Quickstart¶

CLI¶

The fork keeps the upstream command-line interface. A minimal call:

cafaeval \
    path/to/go.obo \
    path/to/predictions/ \
    path/to/ground_truth.tsv \
    --ia path/to/ia.tsv \
    --toi_file path/to/toi.tsv \
    --th_step 0.01 \
    --n_cpu 1

For partial-knowledge evaluation, add the --exclude flag pointing at the known-terms file:

cafaeval ... --exclude path/to/known_terms.tsv

Python API¶

from cafaeval.evaluation import cafa_eval

df, dfs_best = cafa_eval(
    "path/to/go.obo",
    "path/to/predictions/",
    "path/to/ground_truth.tsv",
    ia="path/to/ia.tsv",
    exclude="path/to/known_terms.tsv",  # PK; omit for NK/LK
    toi_file="path/to/toi.tsv",
    norm="cafa",
    prop="max",
    th_step=0.01,
    n_cpu=1,
)

Returns¶

df: pandas.DataFrame with one row per (namespace, threshold), containing all metrics (pr, rc, f, s, and their weighted variants).
dfs_best: dict keyed by metric name (f, f_w, s, f_micro, f_micro_w) mapping to the row of df at which each metric hits its optimum.

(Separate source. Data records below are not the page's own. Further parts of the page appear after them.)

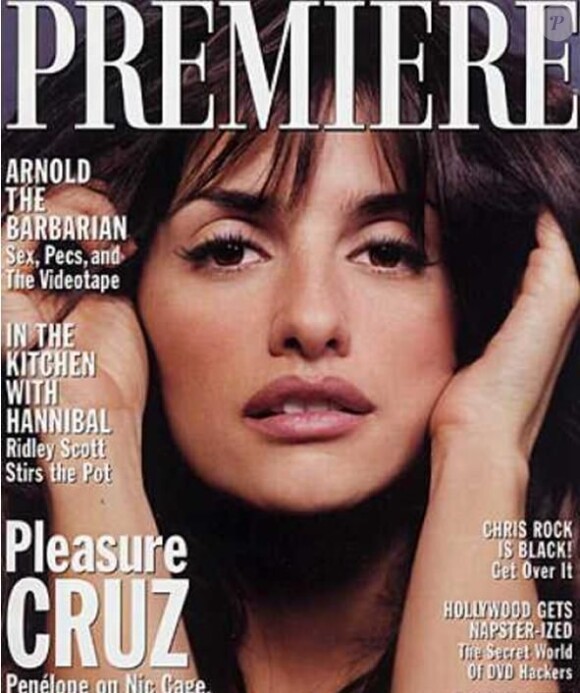 Mars 2001 : Penélope Cruz pose en couverture de Premiere.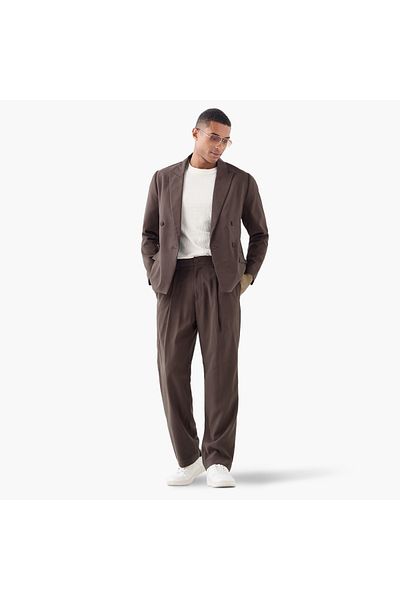 Iconic Relaxed Fit Pleated Pants with Pockets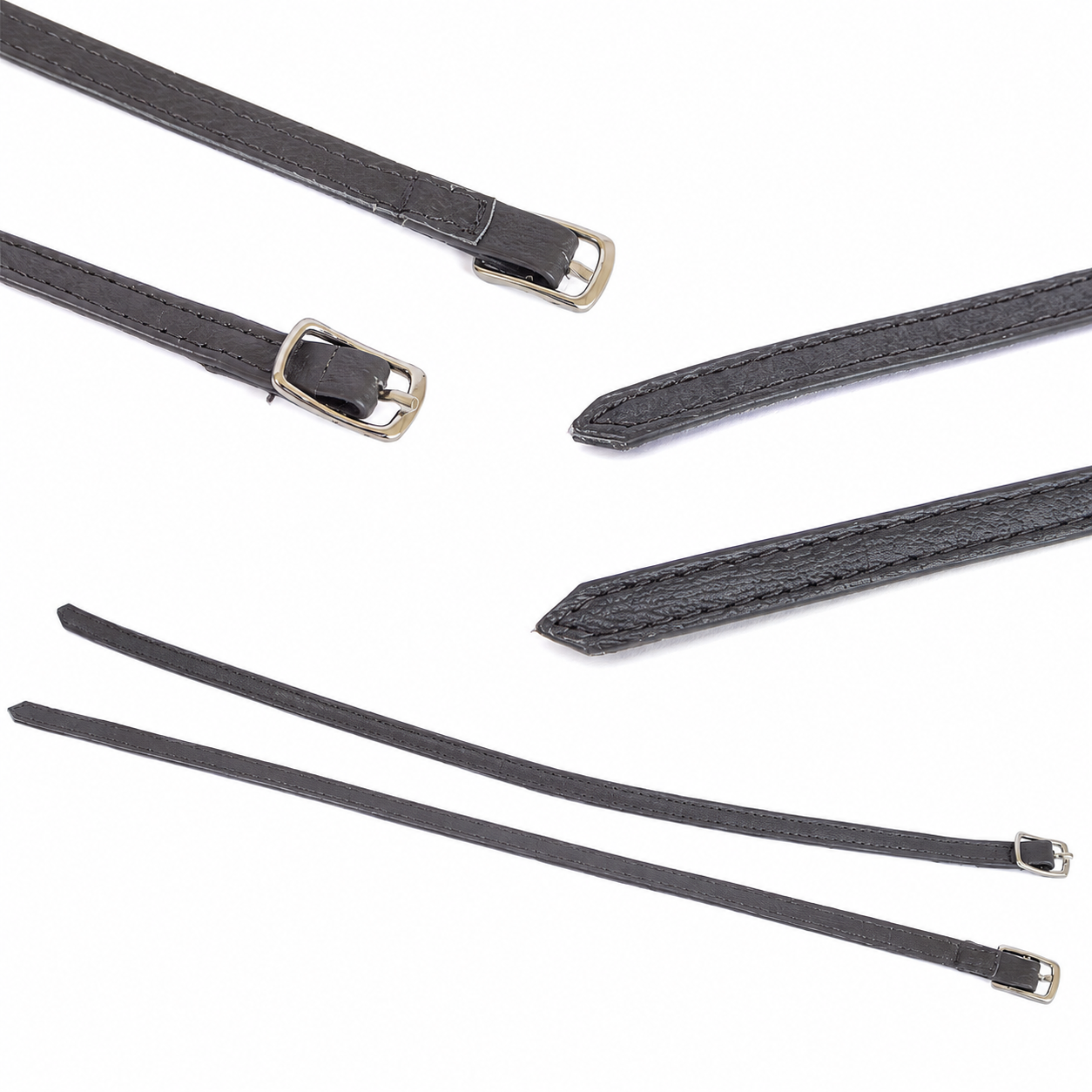 Replacement Straps for Decollete Shoes in Genuine Lined Leather 8 mm x 31 cm – Replacement Straps for Women's Shoes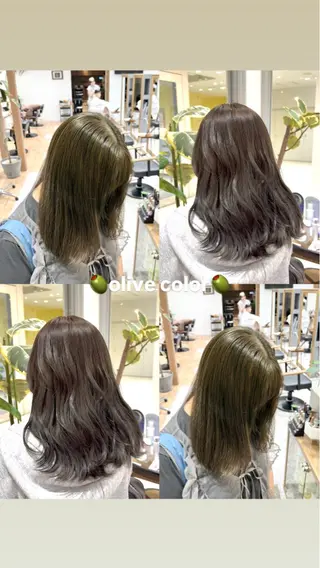 ロング カラー 💎寒色特化💎 透明感カラーみきのヘアスタイル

What is different from upstream¶

By default the fork runs with:

CAFAEVAL_SPARSE=1 — sparse confusion matrix and sparse push-up propagation kernels (see Architecture).
CAFAEVAL_FAST_PARSER=1 — PyArrow-backed vectorised prediction-file parser (no effect without the [fast] extra installed).

Both flags are safe to leave on; the slow paths exist only for A/B comparison and fallback. Outputs agree with upstream within rtol=1e-6, atol=1e-9 (see Parity harness).